Стекла в комнате, выходившей на улицу, были выбиты воздушной волной от снаряда, разорвавшегося в соседнем доме. Но мы ненавидим «зафанеренные», то есть забитые фанерой, окна – за время тяжкой блокадной зимы мы так полюбили свет. И мне хотелось обязательно «застекляться». Я понимаю, что в наших условиях стекла могут вылететь снова через час после того, как их вставишь… Но все равно!.. А оконного стекла в Ленинграде нет… Но в магазине художественных изделий продавались застекленные портреты… Мы купили несколько десятков таких портретов и, расстеклив их, вставили стекла в окна. На окна моего кабинета пошло шесть Пушкиных и три Гоголя. А маленькая печка с плитой у меня в столовой сложена из кирпичей ближайшего разбомбленного дома. Там же нашли мы конфорки и решетку для нее, а в развалинах на Моховой улице было обретено настоящее сокровище – несколько целых кафельных кирпичей, – они пошли на облицовку развалившейся плиты в кухне.
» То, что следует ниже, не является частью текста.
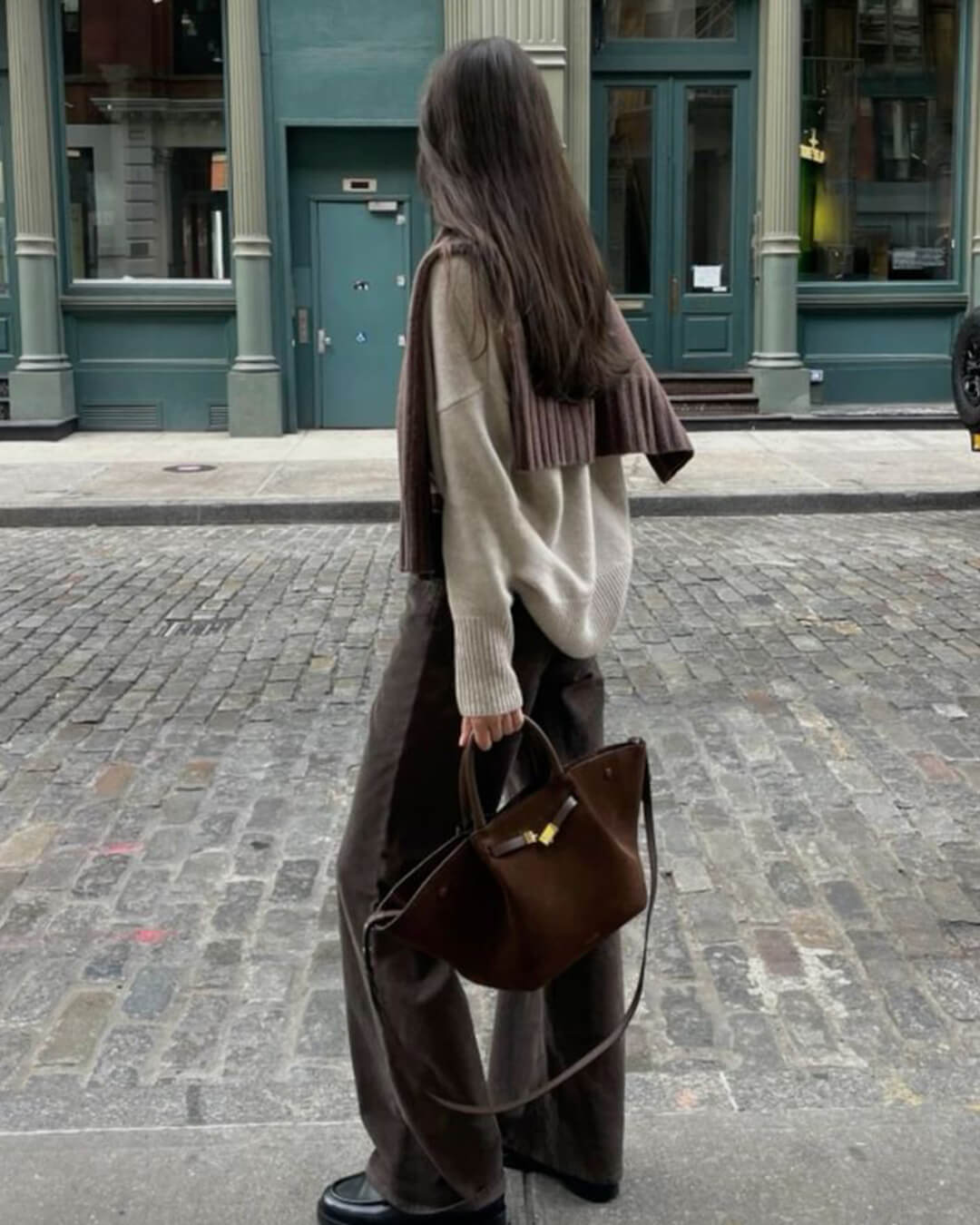 Melanie suède tas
А перекладывал мне плиту, стеклил окна, попутно обучая этому меня, мой друг Всеволод Марин, заместитель директора Публичной библиотеки. Книжник и библиотекарь, этот человек стал во время войны настоящим и знающим универсалом в области жилищного хозяйства; он кровельщик, монтер, печник, стекольщик. Хочется похвастаться, что я тоже умею чистить дымоходы, могу, при соответствующей консультации, стеклить окна, сумею прочистить трубу в раковине на кухне… Нет, теперь немцу не выбить меня из моего жилища. Только снаряд может заставить меня переселиться в другое место, но и на новом месте я стану обосновываться так же основательно и прочно, как здесь, не думая о том, сколько времени удастся мне прожить здесь до нового снаряда. Недавно мой знакомый артиллерист, гвардии капитан, зашел ко мне.
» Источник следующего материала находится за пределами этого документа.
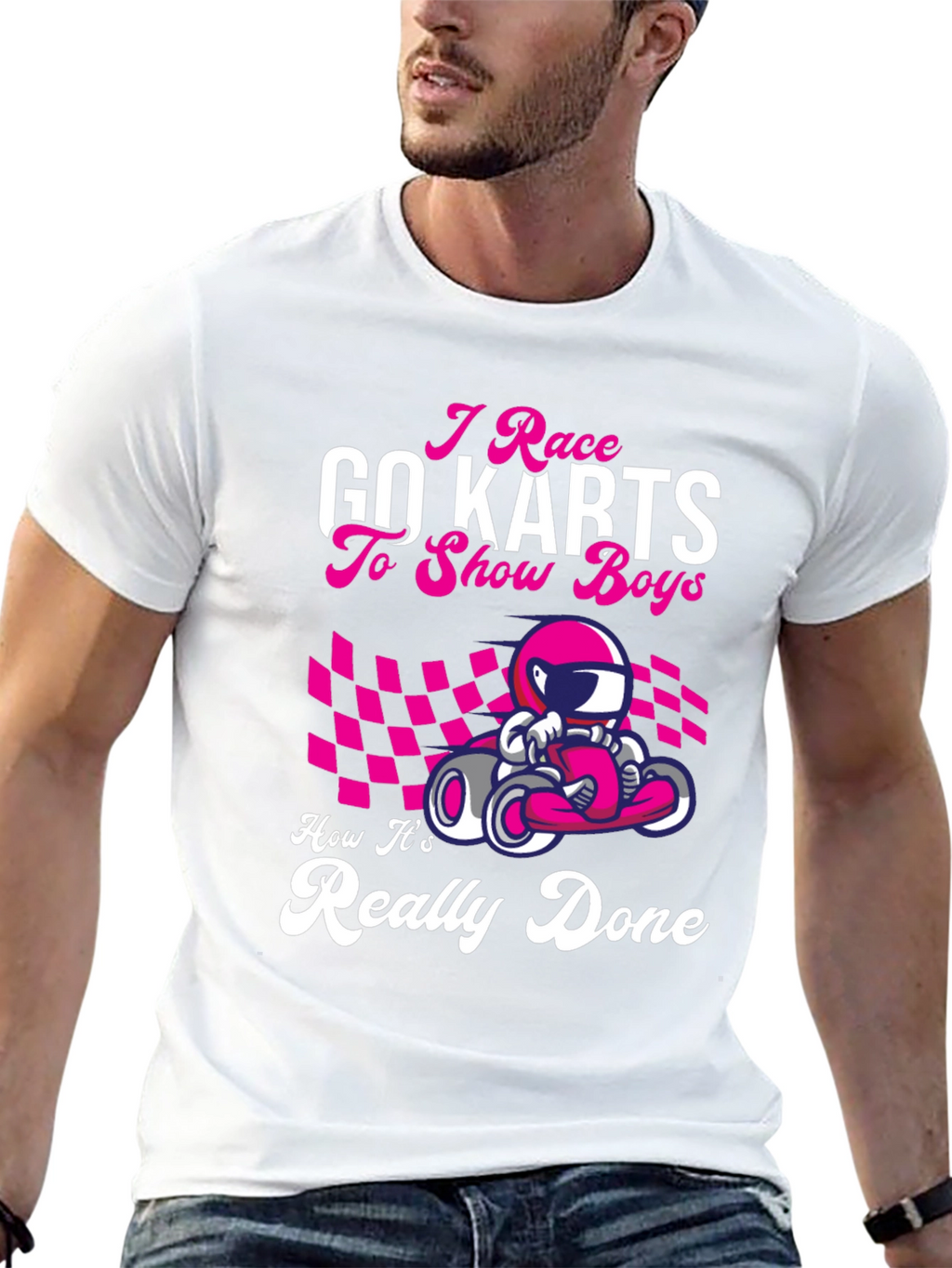 I Race Go Karts Graphic T-Shirt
– Хорошее у вас помещение, – сказал он, – но мало накатов.

– Да, – ответила я. – Всего один накат. Ваше дело, капитан, сохранить мне мое помещение.

– Мы стараемся, – улыбнулся он. – Мы стараемся для всего города.

Капитан Резников служит в гвардейском артиллерийском полку, ведущем контрбатарейную борьбу с немцами. Наши усилия слиты: он защищает наши жилища огнем своих орудий, мы бережем их как домашний очаг.

…Сейчас на Невском, напротив полусгоревшего Гостиного двора, открыта выставка. Эта выставка – наглядное пособие по подготовке к третьей блокадной зиме. Здесь горожане могут перенять лучшую систему утепления водопроводной сети, лучшую систему печного отопления. Здесь представлено множество систем печек, а наиболее совершенная из них – это печка «Ленинградка». Она выложена белыми изразцами, высокая, в нее вмазан котел, который может обогревать целых три батареи при минимальном потреблении топлива.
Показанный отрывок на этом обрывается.